[quote]AJM, He is not done. He has way too much emotion towards you. Hang in there.
AJ
Well, I hope you are right about this. I admit the thought has crossed my mind quite a few times. It just seems like to me if he was really over me and ready to move on, he wouldn't have this much emotion. I just think he has such messed up thinking that he's miserable. And his pride has him paralyzed into not even giving a thought that the problem could be in his own head. Much easier to just blame me. The part that I have a hard time with is just that....how could someone be so selfish to be more concerned with your own pride? He would much rather end our marriage, do damage to the relationship with his 3 adult children, (not to mention future grandchildren), have us lose our home and d and I will be homeless, and totally mess up both of our finances. All because he won't/can't recognize his need for counseling. I know that's what MLC is...I'm just venting here.

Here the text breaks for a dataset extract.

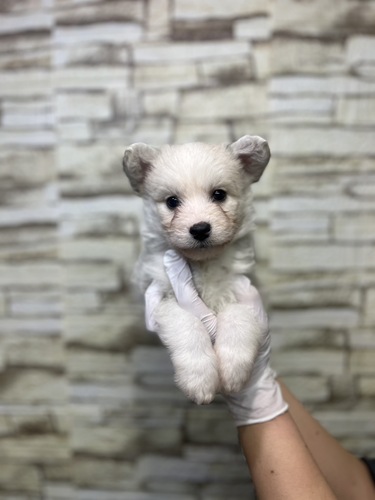MIX・雑種 犬の販売・譲渡 13342 ビション×ハスキーMIX男の子9926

I've been going through some boxes we had in our garage. So, guess what I just found that I thought we had lost? The tape of our wedding! And, you know I am sooooooo tempted to make a copy of it and give it to him. Ok, I'm not going to do that, but oh the temptation is great!! I just think he needs some reminders of the life he left. He doesn't have any pictures with him.....of us, or the kids. He has nothing of our life of 33 years together. Which, of course makes it so much easier for him to stay in denial of his feelings. I'm sure that's why he doesn't want to see me or hear my voice......because he has a guilty conscience!! And, I confess there is a part of me that wants to see him and talk to him all the more because I don't think he should get off scott free. I don't think it's fair that he gets to hide in his own little world and ignore/deny the fact that he abandoned me. I guess I am in one of those moods where I want to strike out at him and cause him some pain.
The only problem with that is that now I've read too much about MLC. Now, I've learned so much and received so much wisdom from others that I know that's the wrong thing to do! Sometimes I just want to be the one who stomps her feet and throws a temper tantrum instead of having to be the adult. But, that won't get me anywhere, so I'll continue to plug along, even if it's at a slow pace.